Eurípedis Tavares tentou provar inocência de Geraldo Magno. Diante do júri popular, o acusado já estava condenado pela opinião pública tamanha a repercussão do assassinato na sociedade.
Por Mônica Silveira e Bruno Marinho, TV Globo e g1 PE
Foto: Arte g1
Um ano e quatro meses após a morte da "Menina Sem Nome", em 22 de junho de 1970, na praia do Pina, no Recife, o segundo suspeito preso foi a júri popular. Geraldo Magno de Oliveira, de 22 anos, foi condenado a 19 anos de prisão. Entretanto, o defensor público que tentou provar a inocência do acusado acredita que Geraldo foi torturado para confessar a autoria de um crime que não cometeu.
[Nesta semana, o g1 publica a série especial "Menina Sem Nome", junto com a TV Globo. Até sexta-feira (9), reportagens sobre o caso relembram detalhes do crime e trazem informações inéditas.]
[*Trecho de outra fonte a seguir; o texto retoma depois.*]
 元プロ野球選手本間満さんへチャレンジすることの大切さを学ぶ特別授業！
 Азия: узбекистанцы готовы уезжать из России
Os advogados Maria da Penha Guimarães e Eurípedis Tavares de Melo Filho, chamados pelo juiz Nildo Nery dos Santos, fizeram a defesa de Geraldo Magno no Tribunal do Júri. Em entrevista exclusiva à TV Globo e ao g1, Eurípedis disse acreditar que a comoção popular que o crime provocou pesou na investigação do caso e no julgamento do acusado.
Notícia sobre Geraldo Magno de Oliveira publicada no jornal 'Diário de Pernambuco' em 3 de julho de 1970 — Foto: San Costa/TV Globo
"A opinião pública estava batendo muito nisso. A polícia, para mostrar eficiência, essa é minha opinião, eu não tenho nada como comprovar essa opinião, então apresentou. Ele confessou, nessas condições: (...) as mãos estouradas, os pés estourados e as costas eram uma chaga. Dessa maneira, quem não confessa? [Ele me] disse: eu juro ao senhor que não fui [eu] que matei", disse o defensor.
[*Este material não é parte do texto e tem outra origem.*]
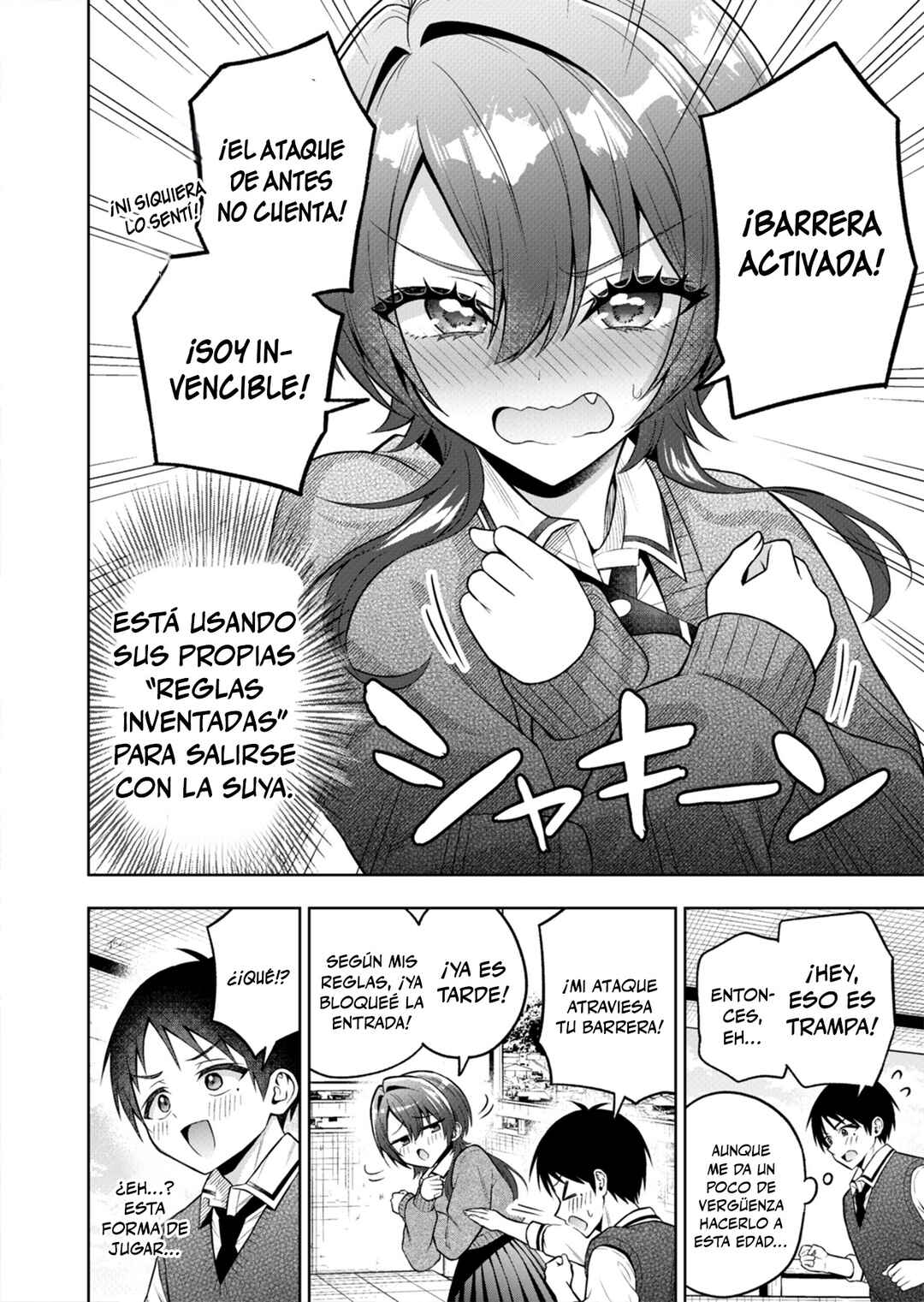 O↑re↓mmusume JK ga Shou 4 Danshi Sugite Tanoshii Chapter ? - Page 12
Ainda de acordo com Eurípedis, Geraldo falou para isso para o defensor público, que foi nomeado às pressas e seguiu para a Casa de Detenção para ouvir a versão do acusado sobre o crime.
O defensor público relembra o quão machucado e traumatizado estava Geraldo no momento em que o encontrou pela primeira vez.
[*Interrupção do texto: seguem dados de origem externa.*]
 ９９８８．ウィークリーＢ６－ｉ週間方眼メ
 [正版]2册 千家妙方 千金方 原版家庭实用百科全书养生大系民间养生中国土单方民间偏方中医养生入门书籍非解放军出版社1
Por conhecer os bastidores da atividade policial, já que trabalhou como escrivão, Eurípedis tem convicção da inocência do acusado. "Como eu conheci o delegado e sabia o método da polícia, o escrivão batia o que queria e o sujeito era obrigado a assinar. Depois de uma dúzia de 'bolo' e apanhar de toda maneira que você possa imaginar, a existência acaba", afirmou.
Geraldo era um homem que vivia nas ruas. "Vivia mendigando qualquer coisa, não tinha trabalho fixo não", disse. O defensor público também chamou atenção para os objetos recolhidos pelos peritos na praia do Pina, onde o corpo da Menina Sem Nome foi encontrado, como quatro sandálias sem formar pares.
Quatro sandálias sem formar pares foram coletadas pela perícia onde o corpo da Menina Sem Nome foi encontrado — Foto: Antônio Creosola/Arquivo Público de Pernambuco
"As quatro sandálias não são dela porque não correspondem ao número, nenhuma delas ao número do pé dela. Como é que se explica isso? Isso tudo eu levantei, por escrito", declarou Eurípedis.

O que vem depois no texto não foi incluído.